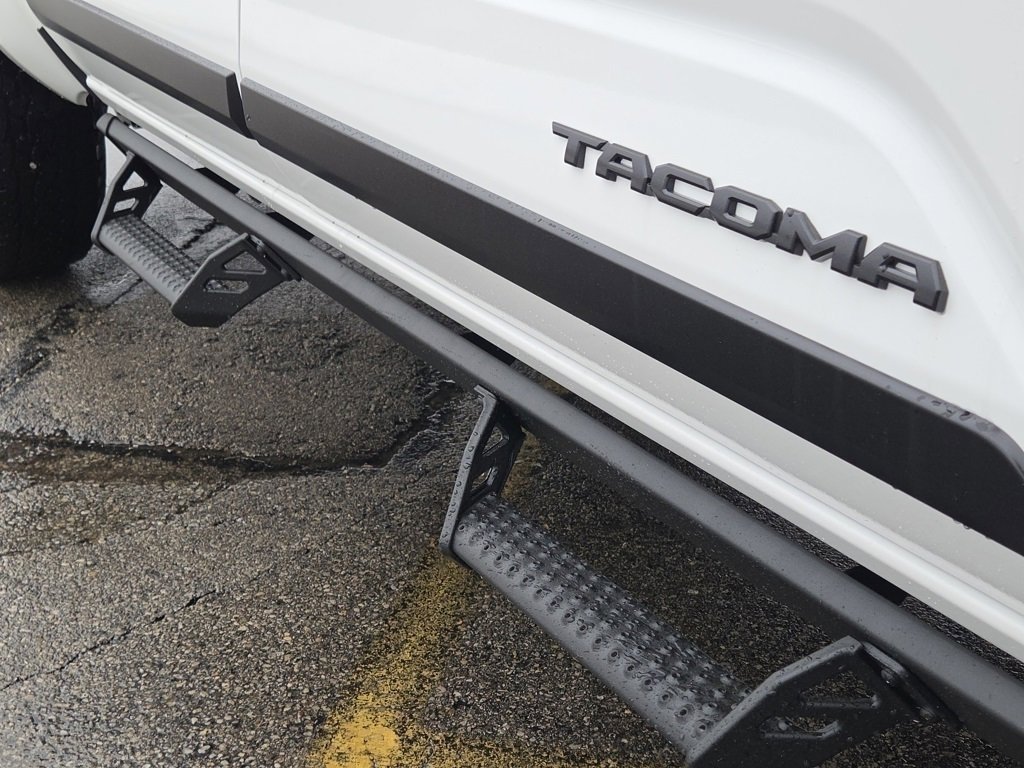 2026 Toyota Tacoma TRD Off Road - Photo 8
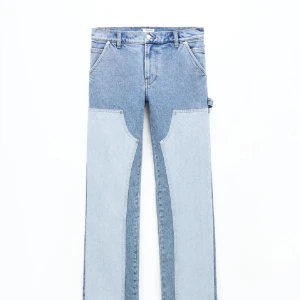 Tvåfärgade jeans från Filippa K - Säljer dessa då dem blivit för små, super snygga och cool design. Nytvättade hos kem.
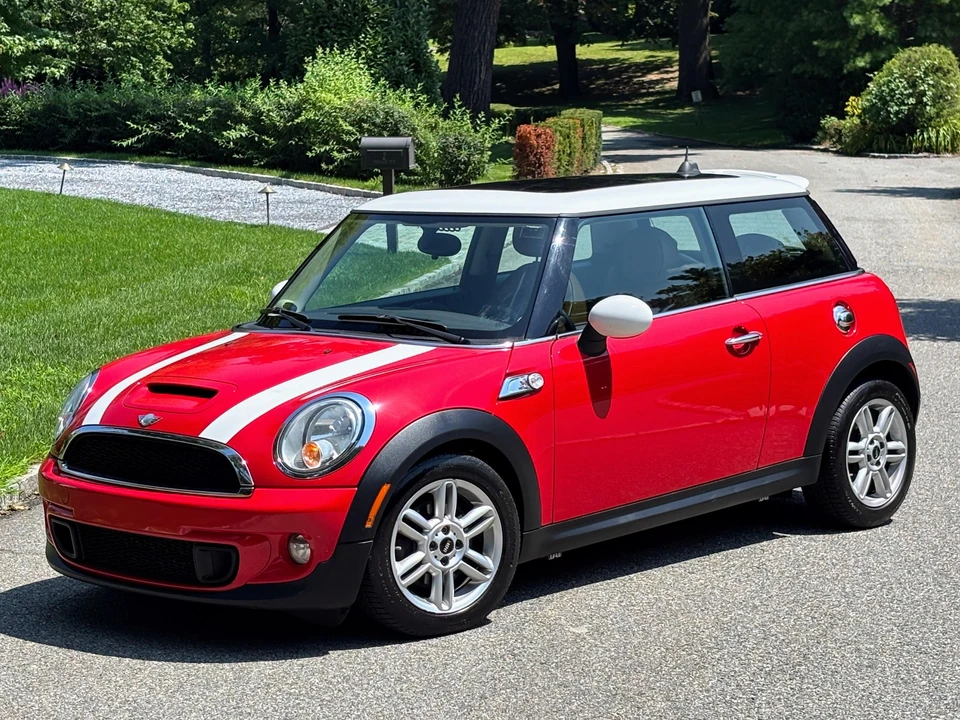 2011 Mini Mini 2nd Gen - Image 19 of 31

* **ASSIGNMENT**
Since the pictures are not wanted, give the material again exactly without them.

* **SOLUTION BELOW**
 2026 Toyota Tacoma TRD Off Road - Photo 8
 Tvåfärgade jeans från Filippa K - Säljer dessa då dem blivit för små, super snygga och cool design. Nytvättade hos kem.
 2011 Mini Mini 2nd Gen - Image 19 of 31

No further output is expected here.